◆ Work request ◆
Return the entries below word for word; no images should appear in the copy.

◆ ◆ ◆ ◆

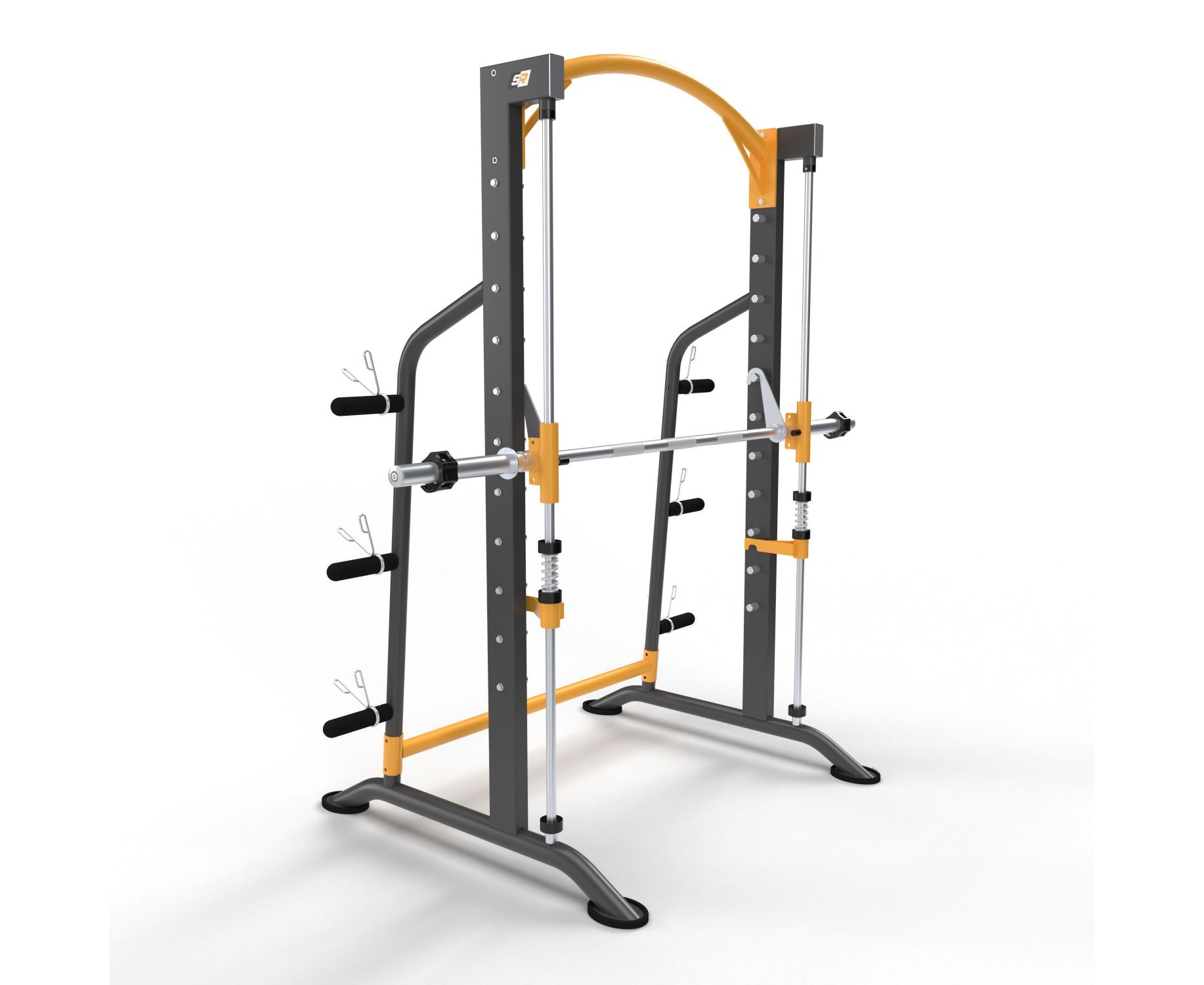 Машина Смита силовая рама STONERISE StoneFrame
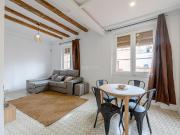 Piso en venta en Barcelona, St. Pere Sta. Caterina El...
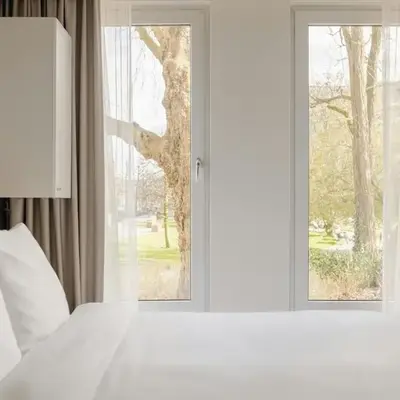 Leonardo Boutique Hotel The Lancaster Amsterdam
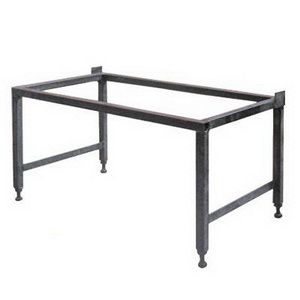 Подставки под чугунные топки КАМИЛЛА, ПАНОРАМА 800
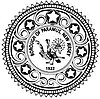 Official seal of Paramus, New Jersey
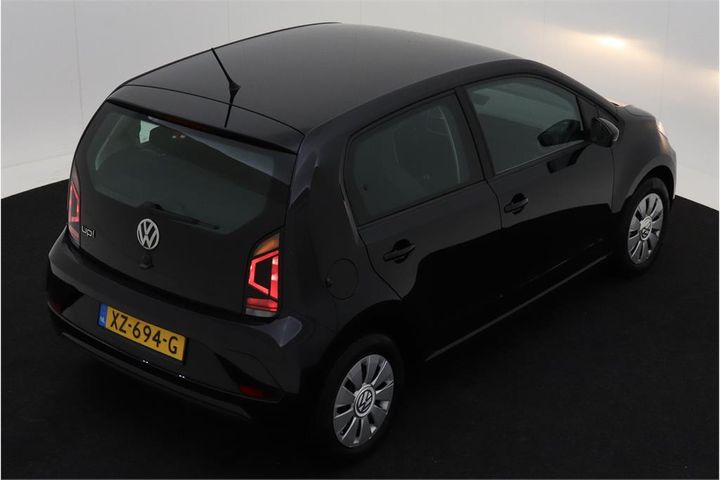 Photo 3 VIN: WVWZZZAAZKD160804 - VOLKSWAGEN UP! 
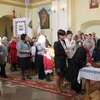55 lat greckokatolickiej parafii w Dobrym Mieście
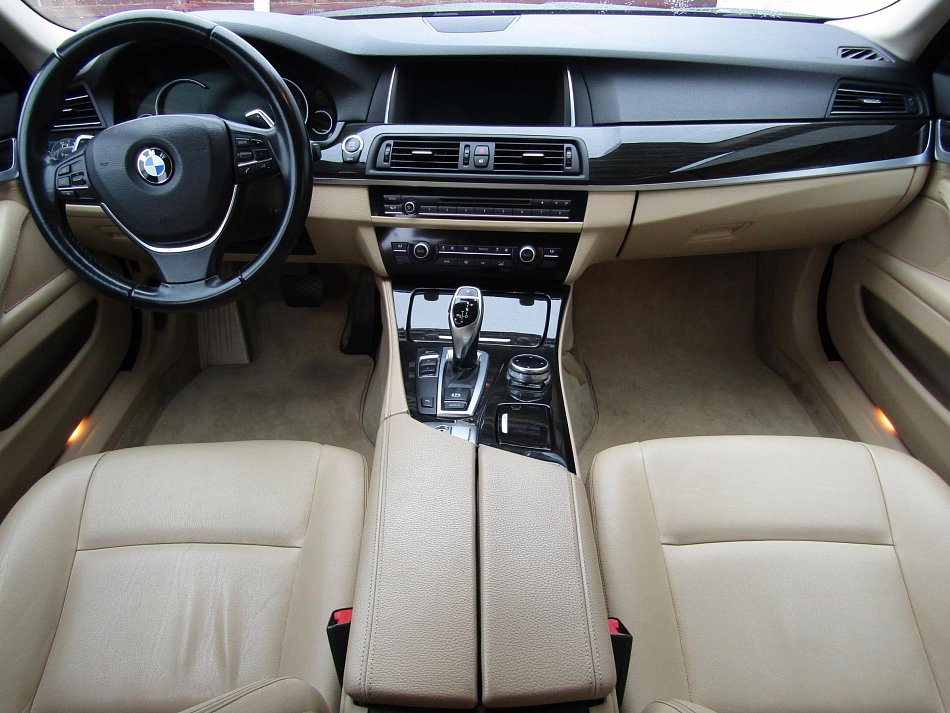 BMW Řada 5 2.0D  525D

◆ ◆ ◆ ◆

◆ Written response ◆
 Машина Смита силовая рама STONERISE StoneFrame
 Piso en venta en Barcelona, St. Pere Sta. Caterina El...
 Leonardo Boutique Hotel The Lancaster Amsterdam
 Подставки под чугунные топки КАМИЛЛА, ПАНОРАМА 800
 Official seal of Paramus, New Jersey
 Photo 3 VIN: WVWZZZAAZKD160804 - VOLKSWAGEN UP! 
55 lat greckokatolickiej parafii w Dobrym Mieście
 BMW Řada 5 2.0D  525D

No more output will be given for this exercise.